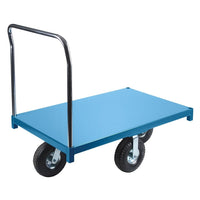 Kleton Heavy-Duty Platform Truck, Deck Width: 48", Handle Height: 42", Deck: Steel Deck, Deck Length: 96", Handle Height: 42"-Deck Width: 48"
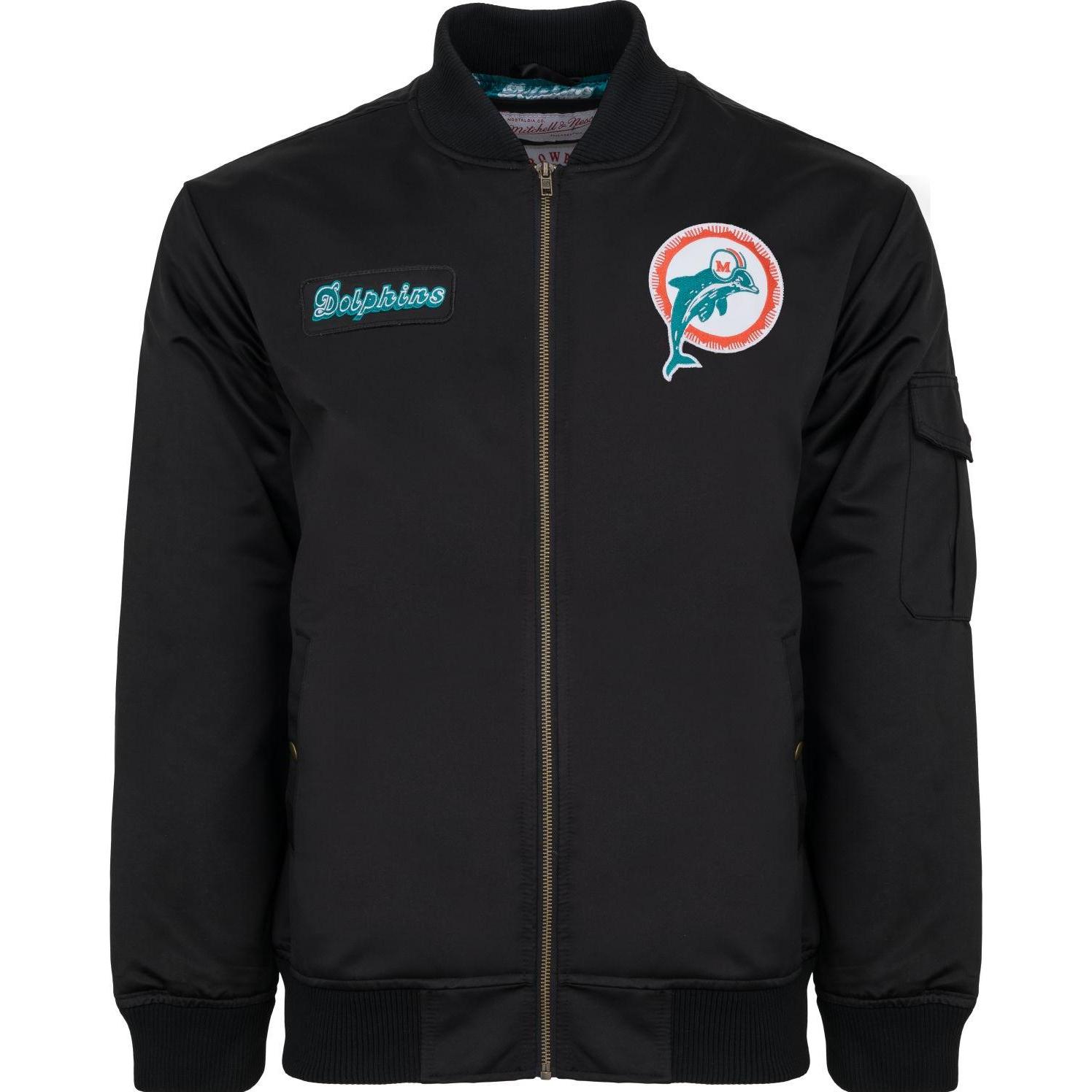 Mitchell & Ness, Herren, Jacke, M&N Heavyweight Bomber Jacke NFL Miami Dolphins - S (S), Schwarz, S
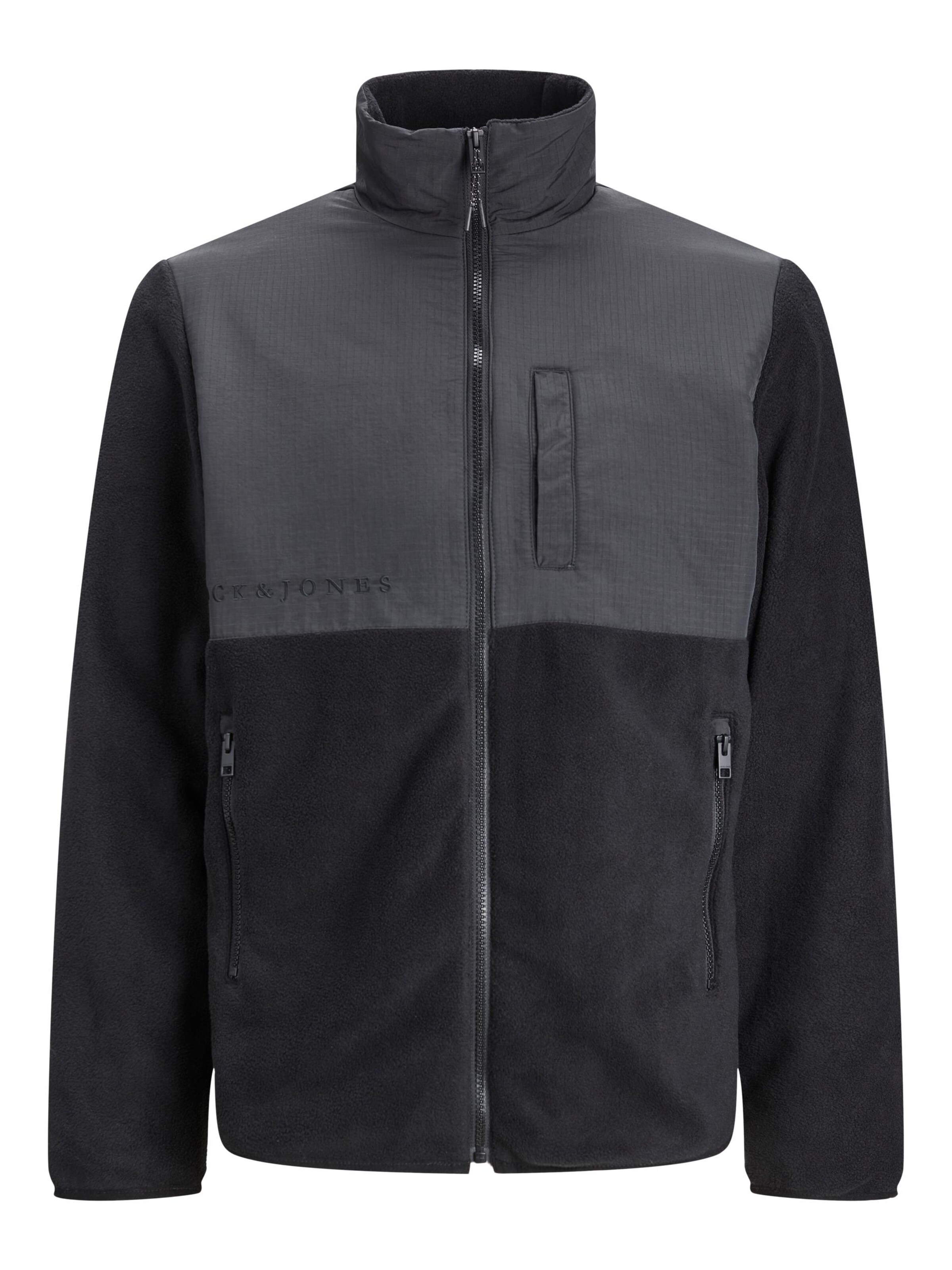JACK & JONES Fleece jas 'JJEMarvin' in Zwart: voorkant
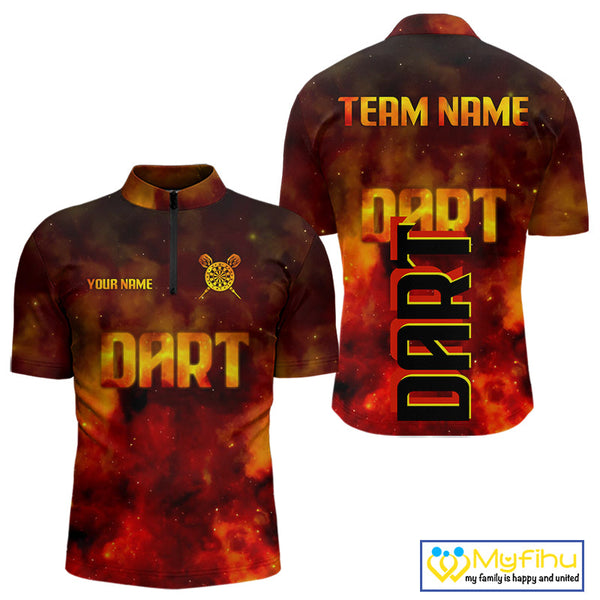 Custom Smoke Flame Darts Team Quarter-Zip Shirts For Men, Dart Uniform NYN0077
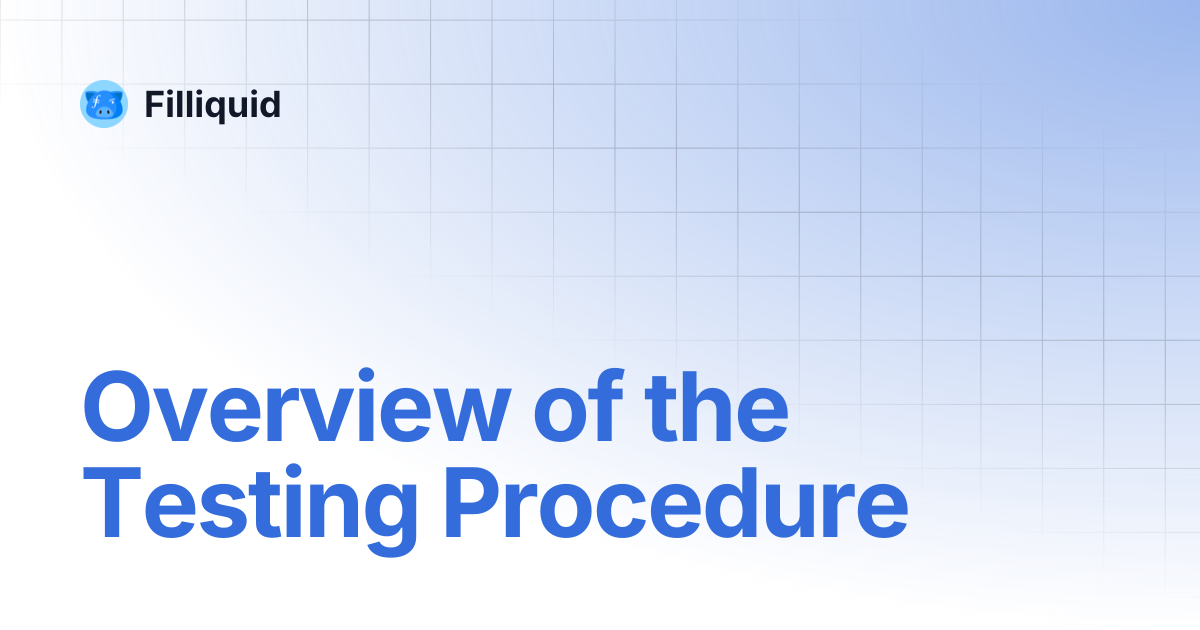 Overview of the Testing Procedure | 한국어 | Filliquid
------------------------------
__PROBLEM TO SOLVE__. Your copy should match the material above exactly, minus its pictures.

__WORKED SOLUTION__.
 Kleton Heavy-Duty Platform Truck, Deck Width: 48", Handle Height: 42", Deck: Steel Deck, Deck Length: 96", Handle Height: 42"-Deck Width: 48"
 Mitchell & Ness, Herren, Jacke, M&N Heavyweight Bomber Jacke NFL Miami Dolphins - S (S), Schwarz, S
JACK & JONES Fleece jas 'JJEMarvin' in Zwart: voorkant
 Custom Smoke Flame Darts Team Quarter-Zip Shirts For Men, Dart Uniform NYN0077
 Overview of the Testing Procedure | 한국어 | Filliquid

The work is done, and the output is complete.